International Mother Language Day (IMLD) was celebrated on 21 February with the aim of promoting linguistic diversity and multilingual education. This year’s theme was, “Indigenous languages matter for development, peace building and reconciliation.”

The Molteno Institute for Language and Literacy strongly believes that mother tongue education needs to be reinforced and developed for at least six years, or more, of formal schooling with English being taught as a subject for effective literacy attainment, for the development of English as a second language and for academic success to be achieved. In South Africa, learners are taught in their mother tongue for the first three years of their formal education (Grades 1 to 3) before they begin learning in English in Grade 4.

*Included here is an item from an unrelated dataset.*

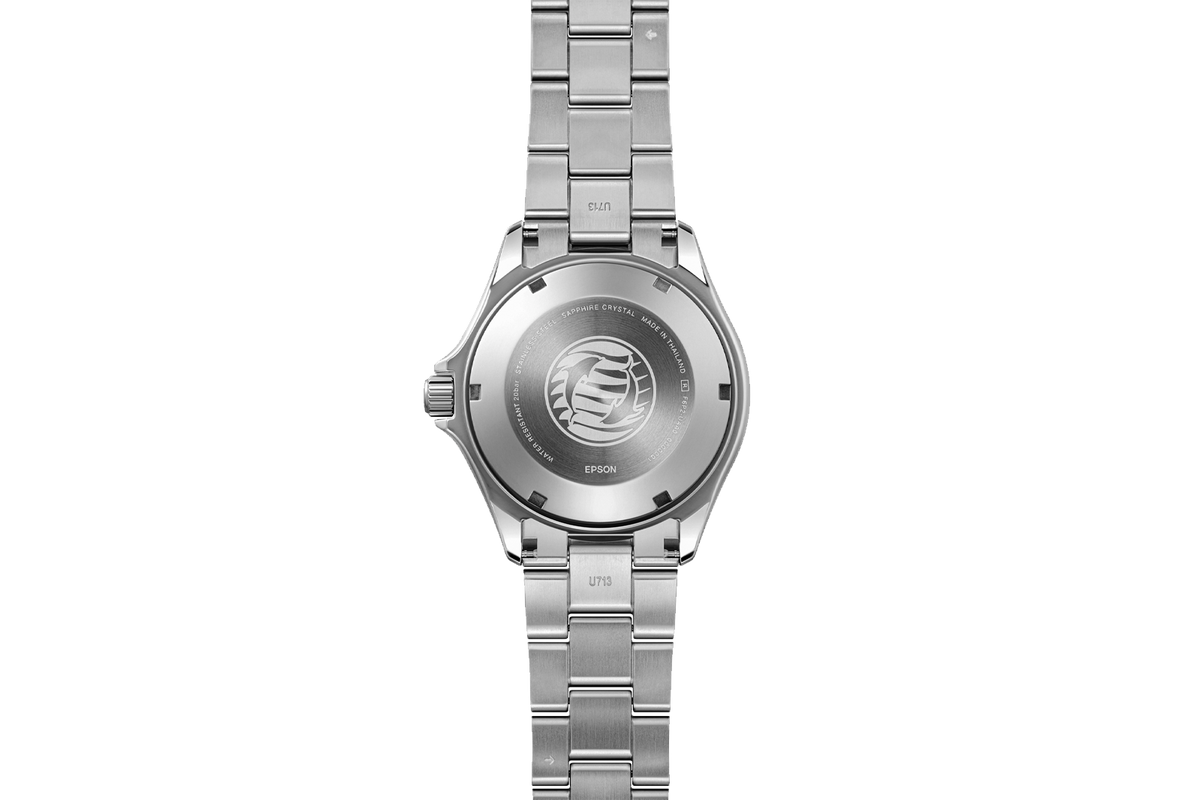 Rear view of an Orient Kamasu GMT watch showing the stainless steel bracelet and solid caseback engraved with a stylized globe design.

According to Masennya Dikotla, the CEO of the Molteno Institute for Language and Literacy, it takes six to eight years to learn a second language well enough for it to be used as a medium of instruction. So, it is ineffective for learners to make the transition from learning in their mother tongue to learning in English after only three years as it happens in South Africa. South Africa was placed last out of 50 countries in the recently released Progress in International Reading Literacy Study (PIRLS). The study found that eight out of 10 Grade 4 learners cannot read. Most of the learners who performed badly in
the PIRLS study wrote their tests in their mother language, the language they had been taught from Grades 1 to 3. Making children learn in English in Grade 4 when they haven’t even mastered reading and writing in their own mother tongue really compounds the problem.

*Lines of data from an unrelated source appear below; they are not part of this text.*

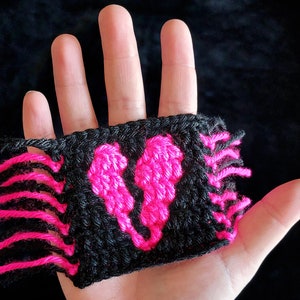 Puede incluir: Un parche de coraz&oacute;n de ganchillo negro y rosa con flecos en los bordes.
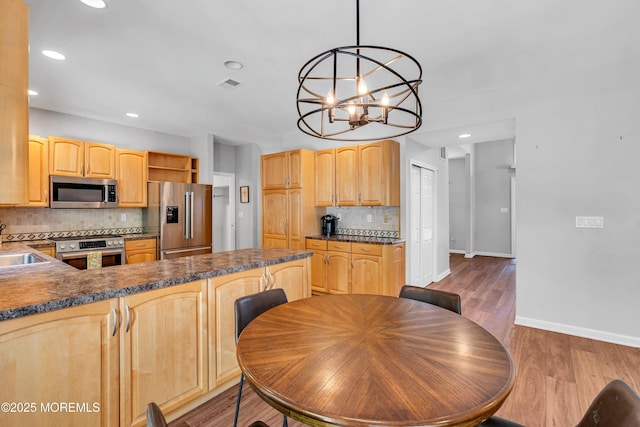 6 Hoffer Ct, Marlboro, NJ 07746 - kitchen with appliances with stainless steel finishes, backsplash, light brown cabinets, recessed lighting, and dark countertops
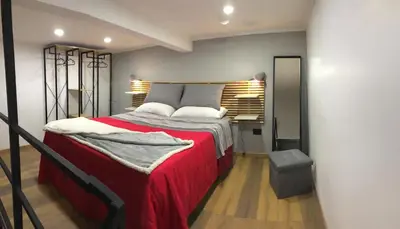 Letto o letti in una camera di JordanAus Napoli Centro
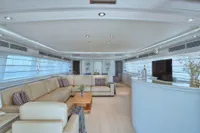 Luxurious interior of 2005 Custom Line 112 yacht with elegant seating and modern decor.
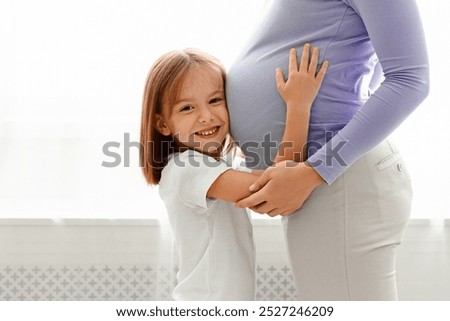 Similar – Image, Stock Photo Mom and her little daughter are walking, holding hands, spending time together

Research shows that the longer a child can read and write in their mother tongue, while learning a second language (in our case English), the better the chances of them succeeding when they begin learning in the second language in high school.

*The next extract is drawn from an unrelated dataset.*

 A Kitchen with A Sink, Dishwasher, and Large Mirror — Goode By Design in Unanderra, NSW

Parents also need to be informed that children best learn reading, writing and academic content when they learn in a language they understand, and that children who learn to read and write in the language they know best, their mother tongue, can learn to write in the second language better and faster. Mother tongue education for at least six years and not three will considerably increase the return on investment in education, contribute to knowledge creation and reduce our high levels of poverty, inequality and unemployment.